## WORK REQUIRED:
The required output is the lines from the one with "Un edificio moderno" through the end of the data, repeated verbatim, with no pictures included.
[THE INPUT — start]
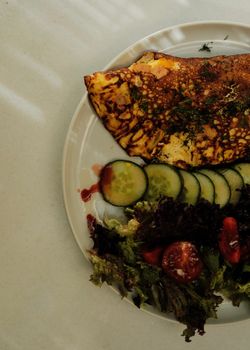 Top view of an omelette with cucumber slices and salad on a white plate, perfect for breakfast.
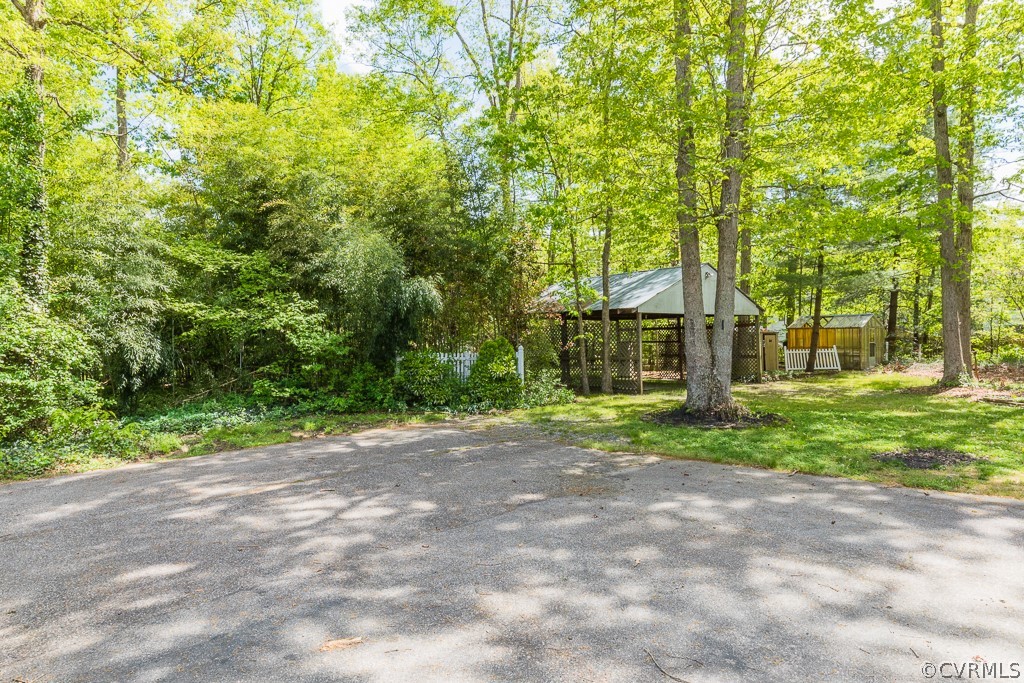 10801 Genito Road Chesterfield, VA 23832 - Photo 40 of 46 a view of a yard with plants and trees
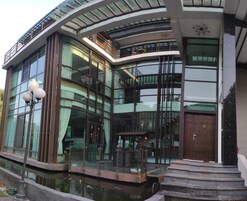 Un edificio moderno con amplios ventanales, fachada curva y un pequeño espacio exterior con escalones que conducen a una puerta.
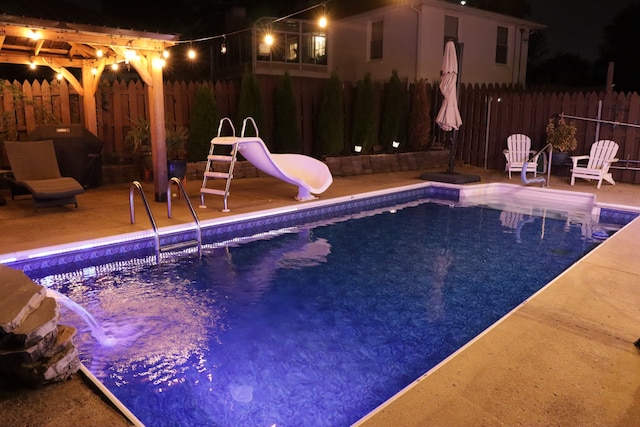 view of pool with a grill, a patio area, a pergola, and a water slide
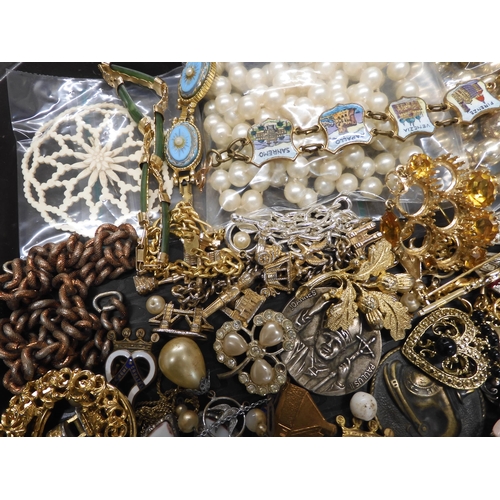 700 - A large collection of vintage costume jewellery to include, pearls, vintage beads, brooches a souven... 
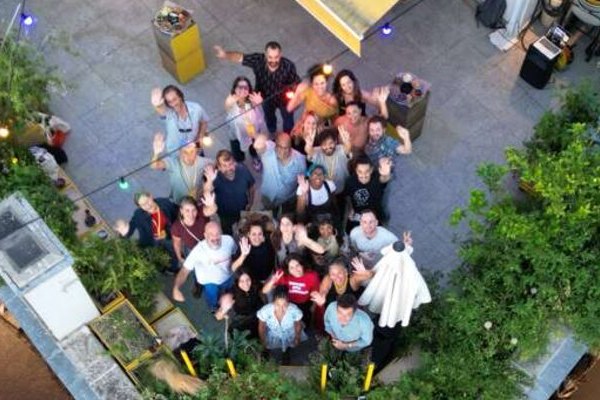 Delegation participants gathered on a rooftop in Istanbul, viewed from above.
[THE INPUT — finish]
## EXERCISE SOLUTION:
 Un edificio moderno con amplios ventanales, fachada curva y un pequeño espacio exterior con escalones que conducen a una puerta.
 view of pool with a grill, a patio area, a pergola, and a water slide
 700 - A large collection of vintage costume jewellery to include, pearls, vintage beads, brooches a souven... 
 Delegation participants gathered on a rooftop in Istanbul, viewed from above.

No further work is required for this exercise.